Однако уже тогда «революционный» генерал прятал под бархатистой лапой когти узурпатора и поработителя. Для «либерализма» Наполеона того времени характерны два пункта его мирного договора с пьемонтским королем Виктором Амедеем. Один из них провозглашал «полную амнистию политических заключенных», а второй обязывал того же сардинского короля выдавать полиции Наполеона всех преследуемых ею лиц, если они укроются в сардинских владениях. Свобода в глазах будущего императора была понятием весьма условным. И он сам нисколько не скрывал этого, хотя внешне всячески старался поддерживать в народе репутацию «освободителя». «Вы мало знаете этот народишко, — писал он из Италии Талейрану. — Из ваших писем я вижу, что вы продолжаете по-прежнему придерживаться ложных суждений. Вы думаете, что свобода в состоянии сделать что-нибудь порядочное из этих обабившихся, суеверных, трусливых и гнусных людей. Не могу же я основываться на «любви народов к свободе и равенству»: все эти фразы хороши только в прокламациях и речах, то есть в баснях».

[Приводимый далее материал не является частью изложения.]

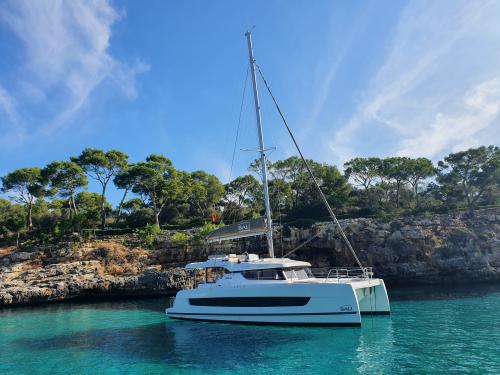 Katamaran Catspace chartern in Marina del Sur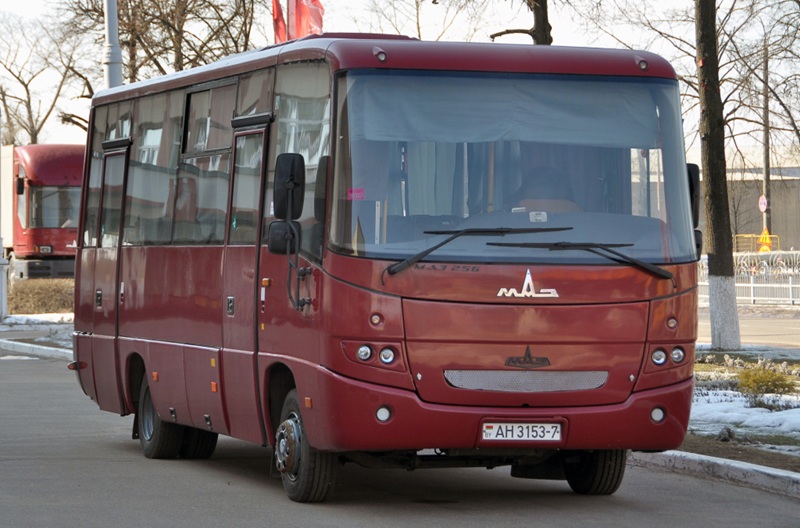 МАЗ-256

Наполеоновские реформы в Италии не разрешили назревших экономических вопросов. Страна продолжала оставаться расчлененной на ряд самостоятельных государств; огромные военные контрибуции, достигавшие десятков миллионов франков, платили эти государства Наполеону; привилегии для французского сбыта подрывали основы итальянской торговли; крестьянские массы фактически не получили земли, которая после секуляризации церковных угодий распродавалась тем же дворянам, буржуазии и зажиточной деревенской верхушке. Конституции учрежденных Наполеоном республик являлись только клочками бумаги; фактически эти республики уже тогда постепенно превращались во французские провинции. Подлинную внутреннюю сущность наполеоновских войн прекрасно характеризует Энгельс (он говорит о наполеоновском походе в Испанию, но эти же слова могут быть полностью отнесены к Италии): «За иностранной армией — Наполеон, мнимый представитель буржуазной революции, в действительности же деспот внутри своей страны, завоеватель по отношению к соседним народам» [2] .
2
К. Маркс и Ф. Энгельс.Соч., т. XVI, ч. 2, стр. 404.

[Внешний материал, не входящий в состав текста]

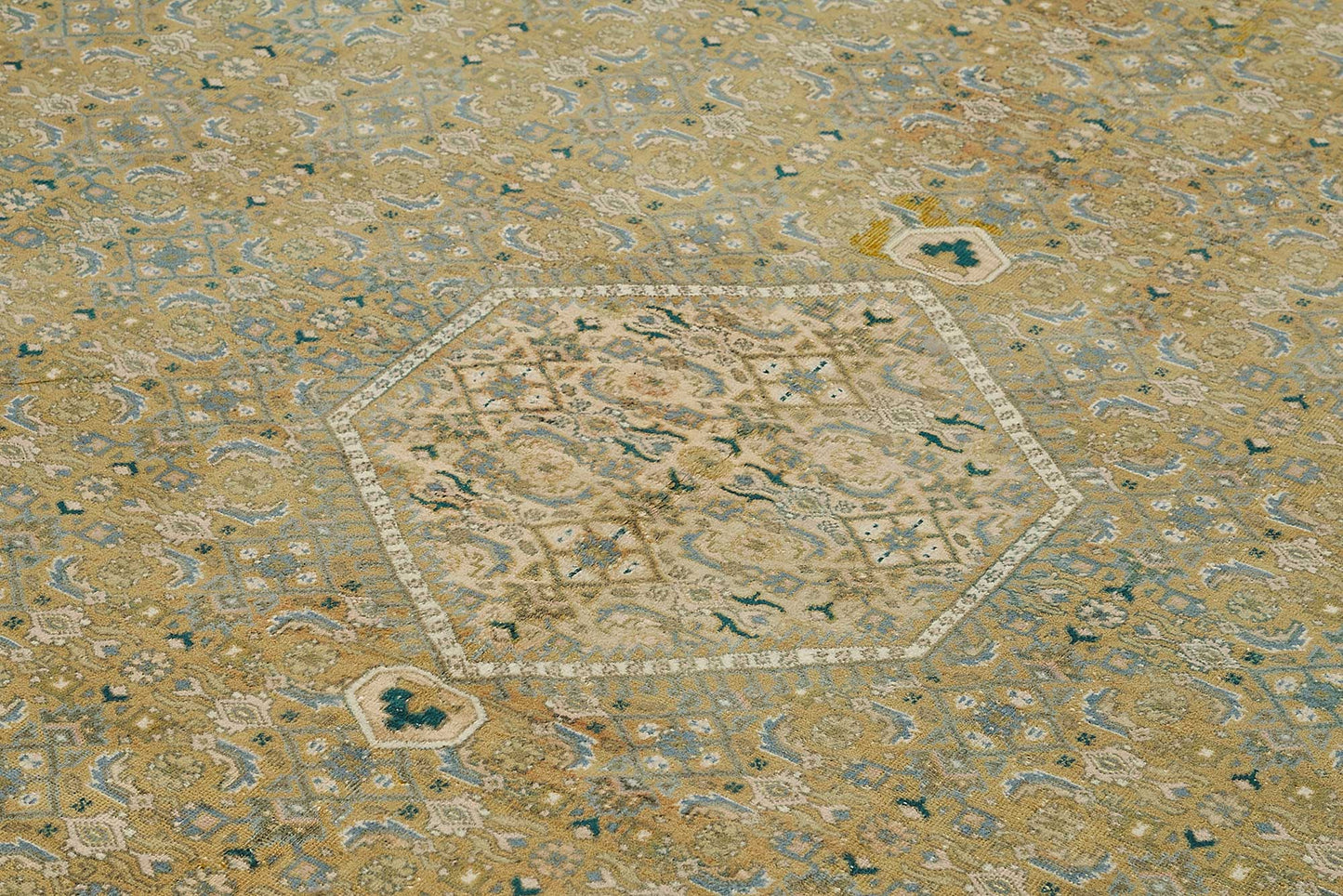 10x13 Antique Tabriz Mahi Rug - 50056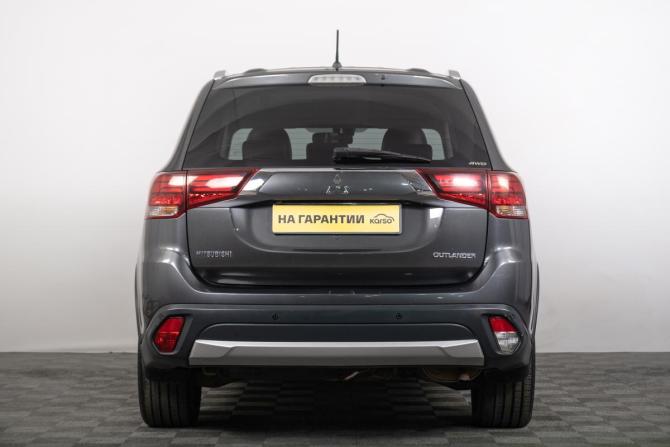 Mitsubishi Outlander III Рестайлинг 2 с пробегом 2016 года, цена 2 299 000 рублей, 180000 км, внедорожник, Автокод Объявления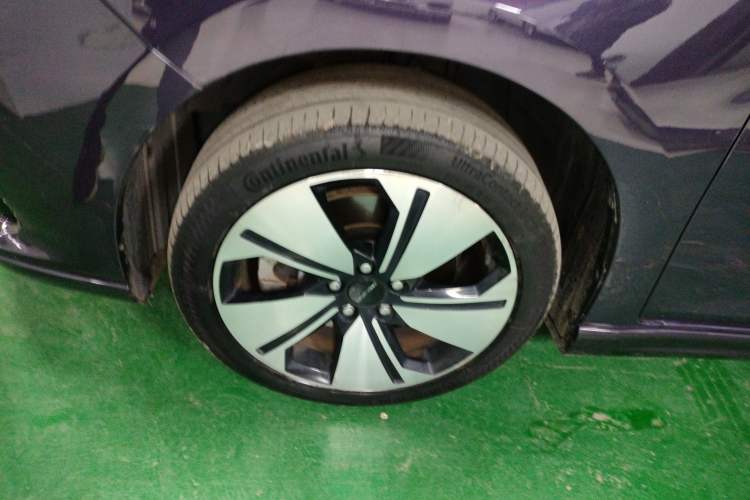 Used BAIC Beijing EU7 2019 Trendy Edition Left Front Wheel Hub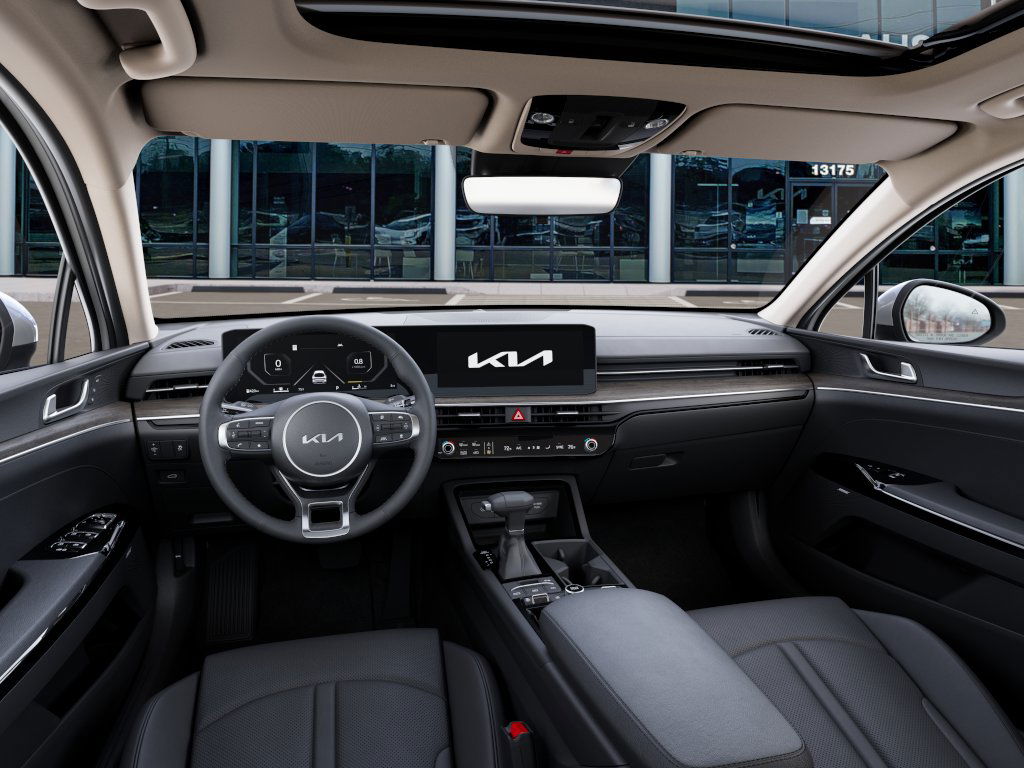 Thumbnail: 2025 Kia K5 - 2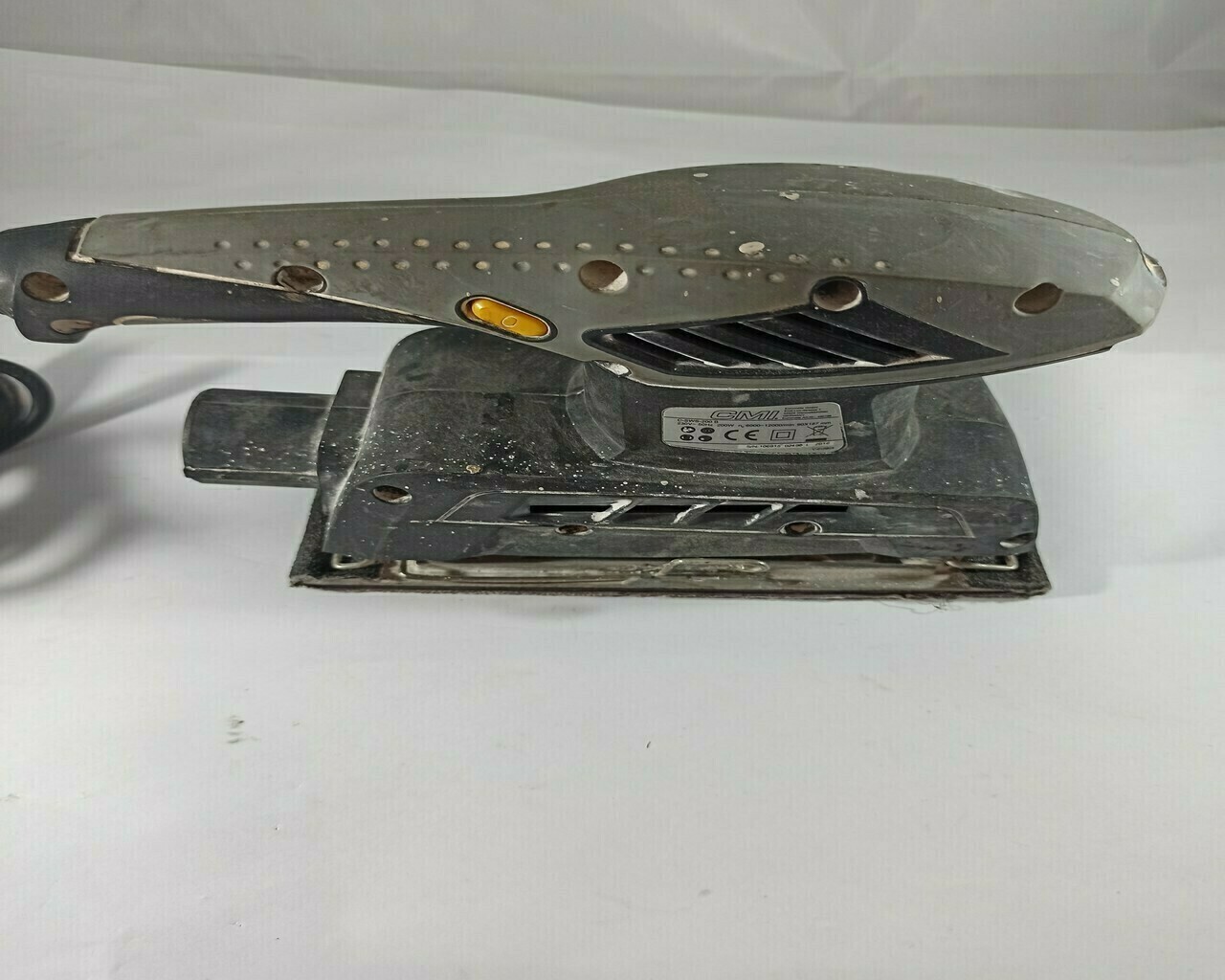 szlifierka-oscylacyjna-cmi-c-sws-200-b-sprawdz-rodzaj-zasilania-sieciowe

Таким образом, реформы, проведенные в итальянских государствах в период первого наполеоновского похода, являлись заслугой не лично Наполеона, а Французской буржуазной революции, поставившей уничтожение феодализма в порядок дня европейской истории.
В эти медовые месяцы своего «раскрепощения» итальянская буржуазия ликовала, опьяняясь республиканской фразеологией генерала Бонапарта. Итальянские либералы не подозревали, что надменный покоритель Италии уже тогда видел в своем воображении грядущую мировую наполеоновскую империю и «железную корону Ломбардии».